> [EXERCISE PROMPT] State the number of lines in the following material that contain the string "solo", and nothing else.

> [GIVEN DATA]
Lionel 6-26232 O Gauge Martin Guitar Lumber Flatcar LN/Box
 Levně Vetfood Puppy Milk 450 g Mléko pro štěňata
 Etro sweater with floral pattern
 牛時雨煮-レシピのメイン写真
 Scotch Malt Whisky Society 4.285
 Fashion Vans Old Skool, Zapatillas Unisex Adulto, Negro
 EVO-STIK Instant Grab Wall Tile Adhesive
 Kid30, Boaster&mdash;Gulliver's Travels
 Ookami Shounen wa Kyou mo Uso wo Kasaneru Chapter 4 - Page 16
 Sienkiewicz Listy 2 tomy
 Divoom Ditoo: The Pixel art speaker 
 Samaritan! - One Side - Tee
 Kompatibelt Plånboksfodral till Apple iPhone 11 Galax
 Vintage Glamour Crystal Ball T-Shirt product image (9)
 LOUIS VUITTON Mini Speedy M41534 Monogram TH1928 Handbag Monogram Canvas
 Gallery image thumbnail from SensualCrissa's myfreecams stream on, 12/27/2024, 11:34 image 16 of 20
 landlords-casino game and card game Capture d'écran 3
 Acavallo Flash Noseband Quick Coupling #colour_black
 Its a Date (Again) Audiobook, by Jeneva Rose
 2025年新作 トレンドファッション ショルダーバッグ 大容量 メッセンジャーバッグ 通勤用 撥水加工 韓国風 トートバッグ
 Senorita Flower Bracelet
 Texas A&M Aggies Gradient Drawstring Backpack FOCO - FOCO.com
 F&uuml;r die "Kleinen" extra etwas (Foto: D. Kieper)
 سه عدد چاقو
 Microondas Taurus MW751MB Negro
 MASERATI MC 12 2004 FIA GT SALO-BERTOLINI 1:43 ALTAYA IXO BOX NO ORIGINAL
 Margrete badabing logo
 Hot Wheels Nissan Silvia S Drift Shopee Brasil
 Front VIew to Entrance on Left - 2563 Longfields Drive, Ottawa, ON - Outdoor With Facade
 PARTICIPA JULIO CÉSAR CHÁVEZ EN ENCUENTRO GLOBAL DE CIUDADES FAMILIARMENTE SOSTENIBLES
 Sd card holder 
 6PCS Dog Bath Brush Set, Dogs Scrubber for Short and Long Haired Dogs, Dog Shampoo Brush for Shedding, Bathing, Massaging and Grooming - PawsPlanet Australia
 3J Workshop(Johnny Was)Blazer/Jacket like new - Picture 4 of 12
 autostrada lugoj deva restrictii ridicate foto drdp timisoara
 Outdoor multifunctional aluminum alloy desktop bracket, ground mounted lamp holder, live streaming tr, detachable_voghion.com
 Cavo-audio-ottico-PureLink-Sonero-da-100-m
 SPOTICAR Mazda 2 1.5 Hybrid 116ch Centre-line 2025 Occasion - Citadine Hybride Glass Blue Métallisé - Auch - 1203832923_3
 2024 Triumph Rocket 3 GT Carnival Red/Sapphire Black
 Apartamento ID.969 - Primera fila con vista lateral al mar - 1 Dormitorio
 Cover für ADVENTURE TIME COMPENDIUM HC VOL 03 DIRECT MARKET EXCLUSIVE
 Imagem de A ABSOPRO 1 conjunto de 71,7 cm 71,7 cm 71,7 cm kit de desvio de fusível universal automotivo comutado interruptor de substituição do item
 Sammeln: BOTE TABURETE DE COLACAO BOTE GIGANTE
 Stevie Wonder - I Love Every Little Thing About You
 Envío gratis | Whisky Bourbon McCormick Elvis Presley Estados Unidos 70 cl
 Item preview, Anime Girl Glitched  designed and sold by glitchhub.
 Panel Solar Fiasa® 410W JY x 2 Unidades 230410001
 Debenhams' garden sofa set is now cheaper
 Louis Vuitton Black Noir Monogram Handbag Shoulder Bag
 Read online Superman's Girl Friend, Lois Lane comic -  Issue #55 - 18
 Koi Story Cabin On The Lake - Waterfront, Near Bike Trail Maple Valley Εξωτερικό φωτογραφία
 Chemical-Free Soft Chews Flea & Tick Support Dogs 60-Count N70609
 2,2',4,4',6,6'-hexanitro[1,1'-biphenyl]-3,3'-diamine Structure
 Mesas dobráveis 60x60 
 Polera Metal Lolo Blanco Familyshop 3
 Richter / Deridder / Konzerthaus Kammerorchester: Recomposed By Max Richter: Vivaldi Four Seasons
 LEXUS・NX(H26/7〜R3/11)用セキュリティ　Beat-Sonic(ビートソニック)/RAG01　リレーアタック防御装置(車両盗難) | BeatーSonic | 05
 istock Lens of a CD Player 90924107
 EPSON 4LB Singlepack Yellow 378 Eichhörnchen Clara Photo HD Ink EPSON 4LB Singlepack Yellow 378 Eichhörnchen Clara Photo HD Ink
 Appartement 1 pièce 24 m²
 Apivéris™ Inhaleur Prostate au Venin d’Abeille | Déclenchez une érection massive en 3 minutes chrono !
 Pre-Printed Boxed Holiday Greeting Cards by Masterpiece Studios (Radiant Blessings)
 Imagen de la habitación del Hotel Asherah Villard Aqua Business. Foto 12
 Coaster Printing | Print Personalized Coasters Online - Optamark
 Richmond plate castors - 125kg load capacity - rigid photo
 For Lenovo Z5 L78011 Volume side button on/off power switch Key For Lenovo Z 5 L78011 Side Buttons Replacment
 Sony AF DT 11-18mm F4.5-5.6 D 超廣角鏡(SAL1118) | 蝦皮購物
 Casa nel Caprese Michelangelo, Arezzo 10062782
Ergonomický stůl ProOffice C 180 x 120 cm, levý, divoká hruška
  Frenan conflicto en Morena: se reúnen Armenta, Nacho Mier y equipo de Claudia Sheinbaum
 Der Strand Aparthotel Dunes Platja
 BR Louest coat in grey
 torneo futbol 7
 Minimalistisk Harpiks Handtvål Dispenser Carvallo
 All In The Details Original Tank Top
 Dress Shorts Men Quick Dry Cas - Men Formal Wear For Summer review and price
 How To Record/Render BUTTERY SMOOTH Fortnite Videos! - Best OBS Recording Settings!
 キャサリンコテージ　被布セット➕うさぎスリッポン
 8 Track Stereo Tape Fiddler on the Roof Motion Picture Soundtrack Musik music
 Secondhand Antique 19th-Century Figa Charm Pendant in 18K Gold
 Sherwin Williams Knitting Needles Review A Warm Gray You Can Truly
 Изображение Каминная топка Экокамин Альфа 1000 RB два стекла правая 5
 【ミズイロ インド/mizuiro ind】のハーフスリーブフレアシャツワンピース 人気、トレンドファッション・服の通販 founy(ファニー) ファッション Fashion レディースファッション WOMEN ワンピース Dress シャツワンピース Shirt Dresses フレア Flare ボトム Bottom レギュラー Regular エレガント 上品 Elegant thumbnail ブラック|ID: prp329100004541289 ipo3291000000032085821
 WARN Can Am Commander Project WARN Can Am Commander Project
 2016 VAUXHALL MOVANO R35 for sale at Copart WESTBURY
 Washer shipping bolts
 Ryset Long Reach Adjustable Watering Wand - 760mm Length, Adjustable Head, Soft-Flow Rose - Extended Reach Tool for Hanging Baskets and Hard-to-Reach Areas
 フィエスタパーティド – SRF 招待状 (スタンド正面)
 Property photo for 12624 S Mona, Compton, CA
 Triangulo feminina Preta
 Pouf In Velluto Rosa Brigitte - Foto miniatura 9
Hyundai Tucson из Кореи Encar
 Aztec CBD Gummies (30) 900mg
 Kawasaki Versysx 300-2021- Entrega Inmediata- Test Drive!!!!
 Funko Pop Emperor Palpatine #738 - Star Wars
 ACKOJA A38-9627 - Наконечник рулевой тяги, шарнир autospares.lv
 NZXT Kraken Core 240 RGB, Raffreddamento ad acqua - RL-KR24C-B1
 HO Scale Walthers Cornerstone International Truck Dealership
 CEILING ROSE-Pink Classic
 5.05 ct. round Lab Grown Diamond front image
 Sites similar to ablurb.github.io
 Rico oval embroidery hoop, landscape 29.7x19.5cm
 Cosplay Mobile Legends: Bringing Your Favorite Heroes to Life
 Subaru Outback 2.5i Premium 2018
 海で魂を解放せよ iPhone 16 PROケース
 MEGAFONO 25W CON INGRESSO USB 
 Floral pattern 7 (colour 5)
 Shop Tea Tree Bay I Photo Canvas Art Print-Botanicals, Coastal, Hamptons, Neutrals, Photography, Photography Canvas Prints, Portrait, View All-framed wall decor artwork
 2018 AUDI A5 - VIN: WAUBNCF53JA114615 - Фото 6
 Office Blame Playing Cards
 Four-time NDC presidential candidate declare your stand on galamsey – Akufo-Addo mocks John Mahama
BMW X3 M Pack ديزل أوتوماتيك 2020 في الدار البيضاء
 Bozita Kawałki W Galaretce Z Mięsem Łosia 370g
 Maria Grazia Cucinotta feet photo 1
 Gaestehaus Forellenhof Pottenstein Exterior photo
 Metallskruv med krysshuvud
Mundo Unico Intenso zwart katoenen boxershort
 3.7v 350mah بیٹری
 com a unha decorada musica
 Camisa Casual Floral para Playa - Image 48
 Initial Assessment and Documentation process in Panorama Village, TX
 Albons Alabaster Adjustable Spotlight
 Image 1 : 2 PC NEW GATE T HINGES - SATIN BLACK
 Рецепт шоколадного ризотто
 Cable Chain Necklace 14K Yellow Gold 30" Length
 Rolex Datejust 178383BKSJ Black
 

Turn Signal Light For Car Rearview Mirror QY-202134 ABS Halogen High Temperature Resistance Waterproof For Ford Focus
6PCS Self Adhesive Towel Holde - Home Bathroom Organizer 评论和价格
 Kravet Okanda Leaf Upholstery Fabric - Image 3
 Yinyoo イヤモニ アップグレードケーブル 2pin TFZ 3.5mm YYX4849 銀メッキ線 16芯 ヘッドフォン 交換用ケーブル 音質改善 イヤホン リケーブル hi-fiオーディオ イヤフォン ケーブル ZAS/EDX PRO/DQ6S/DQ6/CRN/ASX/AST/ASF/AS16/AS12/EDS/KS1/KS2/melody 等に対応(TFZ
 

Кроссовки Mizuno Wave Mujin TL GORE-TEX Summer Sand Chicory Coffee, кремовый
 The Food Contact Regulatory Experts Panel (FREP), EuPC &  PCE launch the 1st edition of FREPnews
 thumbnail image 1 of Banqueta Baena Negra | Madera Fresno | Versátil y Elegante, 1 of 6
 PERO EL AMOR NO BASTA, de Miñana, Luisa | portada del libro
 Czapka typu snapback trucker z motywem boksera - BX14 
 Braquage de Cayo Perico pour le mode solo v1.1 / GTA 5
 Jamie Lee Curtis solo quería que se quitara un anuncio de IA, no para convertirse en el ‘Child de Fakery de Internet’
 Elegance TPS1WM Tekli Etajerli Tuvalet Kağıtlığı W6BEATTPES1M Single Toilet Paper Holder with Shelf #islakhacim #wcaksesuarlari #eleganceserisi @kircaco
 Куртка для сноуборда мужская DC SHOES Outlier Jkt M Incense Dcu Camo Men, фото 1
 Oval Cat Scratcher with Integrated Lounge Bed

> [RESPONSE TO THIS EXERCISE] 2